As vanguardas russas têm algo a nos ensinar hoje?

Inúmeros artistas e arquitetos fundamentais, em algum momento de suas trajetórias, confessaram a forte influência dessas obras em sua formação. Basta citar a Architecture Association e seus muitos alunos do mundo todo, que produziu, por exemplo, nos anos de 1970 o Archigram, e que se tornariam os protagonistas de novas tendências.

 

Depois de seu doutorado e da publicação dos livros de Vittorio de Feo e da Camilla Gray por sua editora você chegou a perceber uma ampliação pelo interesse em Vhutemas?

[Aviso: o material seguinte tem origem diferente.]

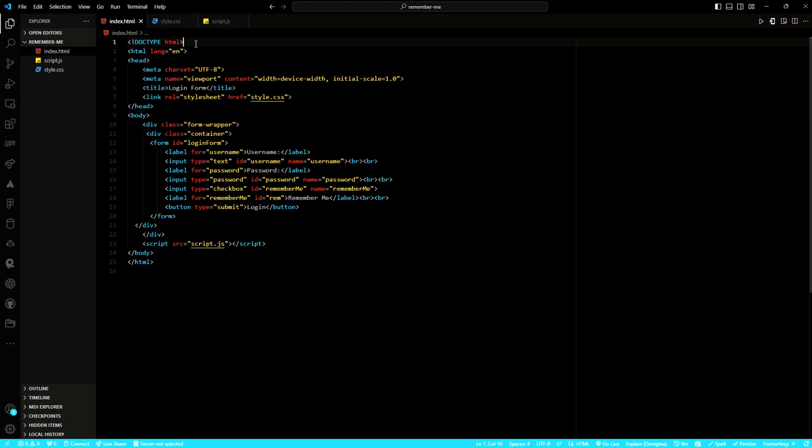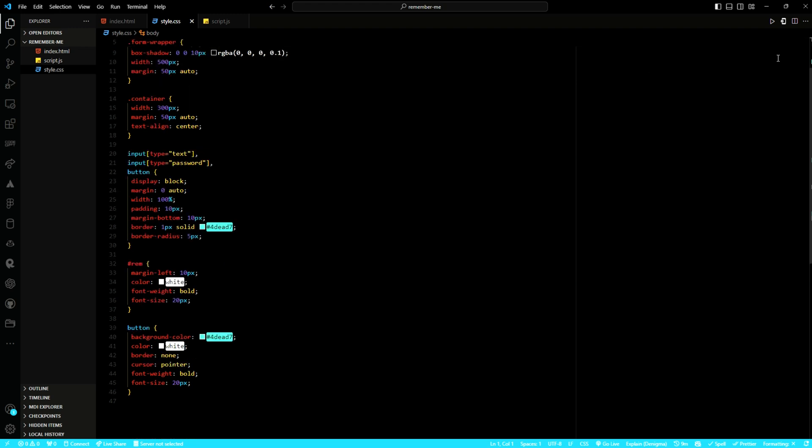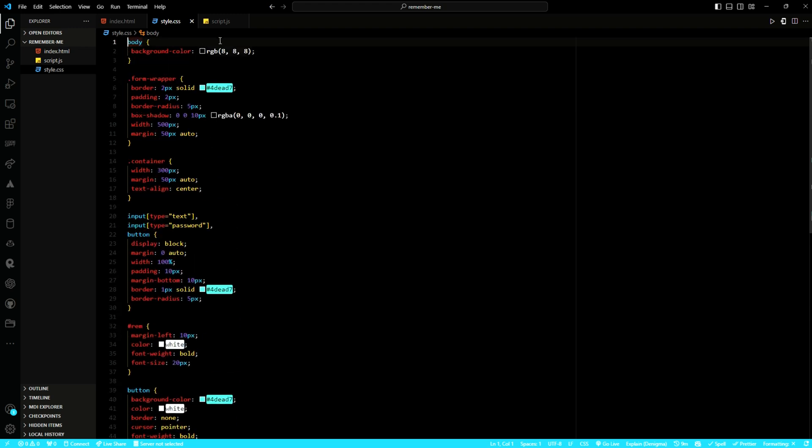Let's begin by examining the HTML structure of our login form. Here we have a basic login form with input fields for username and password, along with the checkbox for 'Remember Me'. Within the CSS styling, I have applied some basic styling to ensure the form elements are displayed properly.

Sem dúvida. Várias outras obras foram reeditadas, além de alguns oportunismos irrelevantes que não vou nomear, mas, que de alguma forma, despertaram o interesse de um número considerável de jovens e estudantes de artes e arquitetura. Em algumas faculdades o tema da vanguarda russa passou a fazer parte do currículo de história da arte. Várias faculdades de arte e arquitetura têm adquirido essas obras para suas bibliotecas, inclusive os livros que eu editei. Porém o Vhutemas ainda é pouco conhecido se tomarmos como referência a Bauhaus de que todo jovem estudante de arte ou arquitetura já ouviu falar.